The changes mean an A380 could fly 525 passengers from London to Perth, Australia, said Airbus. Operating at 510 tons (almost 1.125 million pounds) mtow with 670 passengers, a “regional” A380 could fly from Hong Kong to Jeddah, Saudi Arabia, or beyond Australia, according to Williams.
Improved engines will be available from both suppliers, including new optional thrust settings for operations from short, hot or high runways. Also coming are structural design and system improvements to reduce weight and increase reliability.

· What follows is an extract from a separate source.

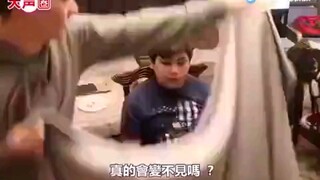 全家人假装弟弟被隐身看不见他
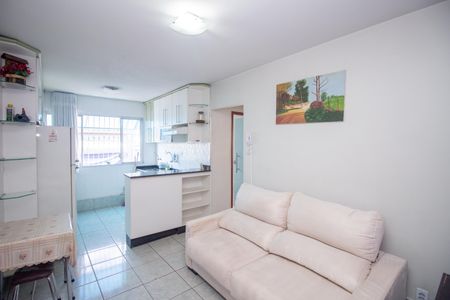 Sala de apartamento para alugar com 2 quartos, 47m² em Betim Industrial, Betim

From the end of 2012, the A380 will feature modified wings that incorporate a revised design for certain ribs following Airbus’s analysis of cracks discovered earlier this year in feet (or brackets) that attach the ribs to the outer skins, known as “covers,” in Airbus parlance. The manufacturer will revert to the use of metal in place of the composites material chosen originally to save weight in the wing-rib panels (or webs) and is planning to provide parts for in-service aircraft modification from early next year. The change brings A380 wing-ribs into line with other Airbus models that have metal wing ribs.
In the future, all wing-rib feet will be manufactured from 7010 Aluminum, rather than 7449 material, making them “similar to other Airbus aircraft,” according to Williams. “All aircraft delivered from early 2014 [will be] to this standard. There will be no weight increase and thus no impact on aircraft performance.”
Airbus is planning to provide parts for retrofit to the current A380 fleet, and aircraft already in production, during the first quarter of 2013. After modification, they may be flown without the need for “extraordinary inspections or interventions” at least until they achieve their design service objective (or “life”) of 19,000 flight cycles.
Wing sets for as many as 50 aircraft in various stages of construction had been delivered to the final-assembly line in Toulouse from Airbus UK by the beginning of last month. Each A380 wing has up to 60 ribs, with about 4,000 rib feet per wing set, although only about 20 brackets have been subject to cracking.
The work to overcome the problem involves changing the relevant composite wing-rib panels and associated rib feet, said Williams. An “intensive testing and analysis” exercise is under way. “The method and timing of the modification is being discussed with airlines to align with their operational needs,” he said.
Airbus investigation revealed two material problems, identified as Type 1 “micro” cracks in the wing-rib feet and, more significantly, Type 2 examples that must be inspected when aircraft have reached 1,300 flight cycles. “The cracks result from material choice, thermal distortion at extreme low temperature and stresses generated during assembly. [The] final fix for all aircraft is being designed–for delivered aircraft and new production [examples]. It will restore the full life capability of the wing without performance impact,” according to Williams.
He said that Airbus had not used carbonfiber composites for wing-rib construction on previous models and that the A380’s designers were “pushing hard” to reduce weight. By using the composite material for wing-rib webs and conventional aluminum-alloy for rib feet, the manufacturer had been able to save about 660 pounds from the weight of each wing.